70:20:10 continues to be a popular option increasing the pressure on learning and development teams to make use of alternatives to classroom learning. The good news is that 90 percent of learning is not classroom based.The 70:20.10 model for learning and development, credited to work carried out by Morgan McCall and colleagues at the Center for Creative Leadership, highlights the importance of informal and formal learning at work. The majority of learning, 70 per cent, is gained from on the job experience, 20 per cent from learning from others and 10 per cent from formal training.
We regularly talk to clients who have adopted the 70:20:10 model, here are the lessons we’ve learnt:
label the programmes clearly so people can make informed choices about what they need
Paul Matthews and Ray Pendleton in their article “70:20:10 – a model approach for learning”, in Personnel Today, suggest that training needs to become more learner- centred. To meet the needs of learners, L&D functions need to shift from offering a predetermined course structure to being more like hosts at a banquet, letting individuals choose learning options that are relevant to them. Breaking down leadership and interpersonal skills programmes into smaller targeted chunks, fits well with a more self-directed approach.
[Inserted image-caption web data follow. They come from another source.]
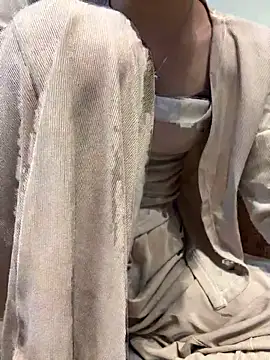 Snapshot of lee_ly chatting on 01/15/26, 05:00 lee ly online show from 01/15/26, 05:00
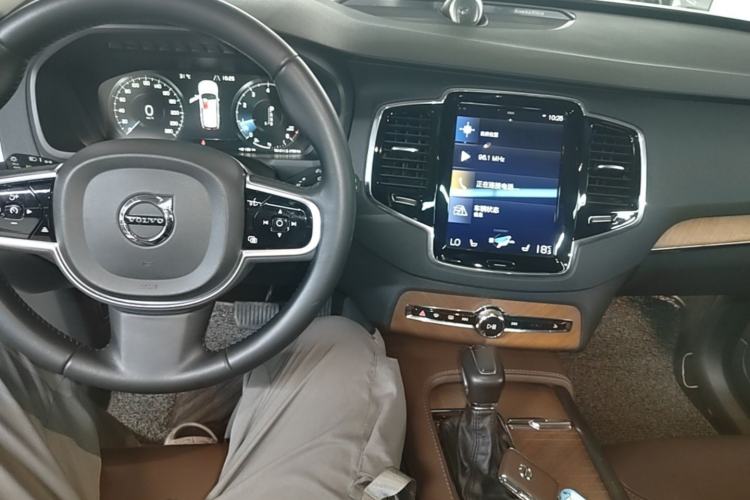 Used Volvo XC90 2018 T6 Zhiya Edition 7-seater Center Console
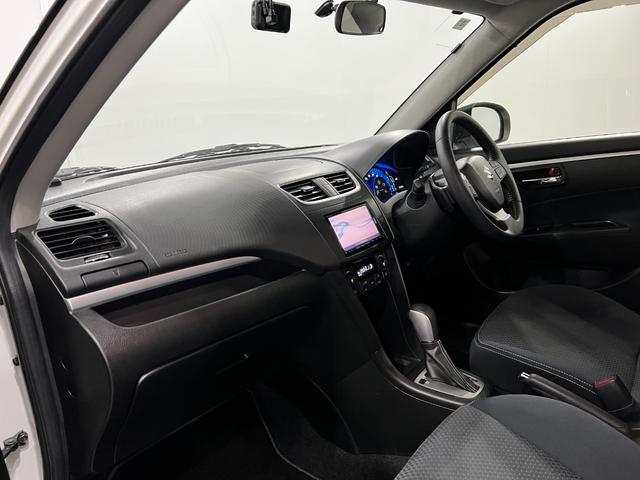 スイフトＲＳ−ＤＪＥ　走行６４１９５キロ／ナビ／ドラレコ／ＥＴＣ１年保証・走行距離無制限　フルセグナビ　Ｂｌｕｅｔｏｏｔｈ　ドラレコ　ＥＴＣ　オートライト　ＨＩＤヘッドライト　アイドリングストップ（埼玉県）の中古車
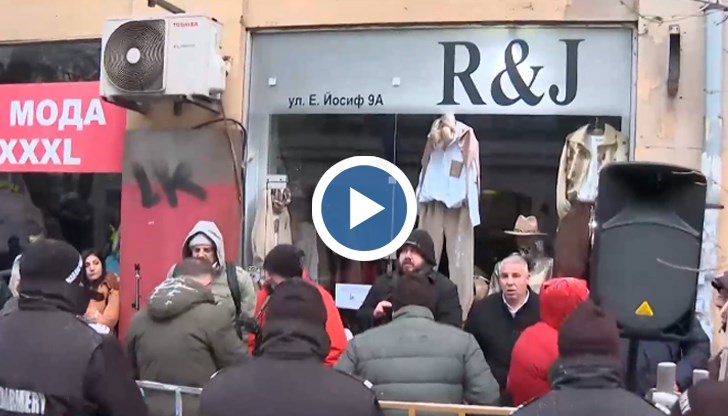 Протестиращите са се събрали пред Висшия съдебен съвет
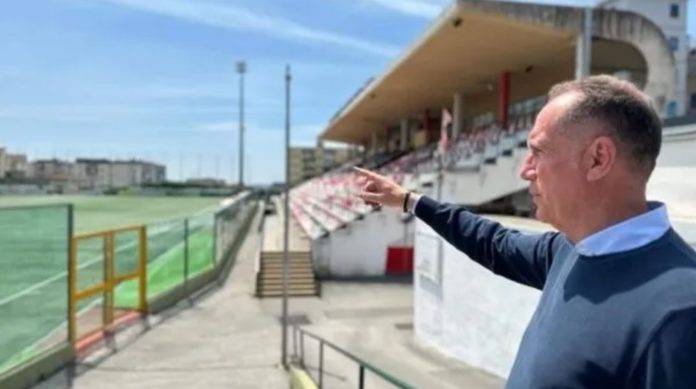 Sindaco Luigi Mennella allo stadio Liguori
Use language and scenarios relevant to the participants
Perhaps more crucially, we need to consider why such a small proportion of learning (the 10%) was reported as coming from formal, classroom based training (though given that most managers spend less than 1% of their time in a classroom, it’s not such a bad result!). It may be that training does not hook in to our conscious thoughts, as effectively as our personal mistakes and successes do, when we are faced with a live issue. The use of language and scenarios that are fully relevant to the participant and incorporate story-telling, have been proven to aid understanding and recall.
Design narrow and deep
For many organisations, short courses are about “providing a flavour” or an “overview”. While overviews have their place, to really support the 70:20:10 philosophy and maximise learning transfer, we have learned that when designing short courses, it is better to go narrow and deep than wide and shallow. This provides the opportunity to share ideas and experiences and to think their way through to the application of learning.
After all, if organisations do think that 70:20:10 is about time rather than learning, and therefore less classroom training, then what there is needs to be worthwhile!
Link the 10 to the 20 and the 70
The greatest return on investment from training courses is reaped where it is closely linked to other interventions. Plans should be put in place to incorporate the learning into work-based activities (the 70%) and provide opportunities to practice. Some examples of how this may work include:
- Deliver a presentation even if just to your manager or immediate team, shortly after attending a Presentation Skills course
- Lead the client meeting following Negotiating Skills training
- Write a proposal within a couple of days of the Effective Business Writing webinar
- Brief your colleagues on your return from the conference
- Book some time with your manager for a debrief and feedback session (the 20%) following the activities listed above
When delivered in house, the social aspects of classroom training can be continued through networking and peer-to-peer support once the course has finished. Much experience is made up of observations, of success and failures. If eleven people learn just one thing from each of the other participants, that is countless failures to be avoided as well as all success to be replicated.
Make sure you are compliant
The rise in regulation means there is a need to have documented evidence of learning. Naturally this is harder to do with the 70:20:10 model when the bulk of the learning is informal and unstructured. Business can benefit from sectors such as the building trade that are accustomed to recording experiential learning outcomes. It needn’t be onerous and can be set up with a regular, weekly diary reminder to record informal learning.
Don’t get hung up on the numbers
70:20:10 doesn’t have to be prescriptive or used to justify cuts to training budgets. It is simply a rule of thumb to help L&D functions deliver appropriate resources for improved learning experiences. An article by Peter Cush in People Management cites research that suggests the model is predictive of organisational success. I suspect that these findings reflect a correlational rather than causal relationship. Organisations that take a structured and thoughtful approach to learning and development will have more robust L&D. They probably take this approach in all aspects of the business, and as a result, are simply more successful.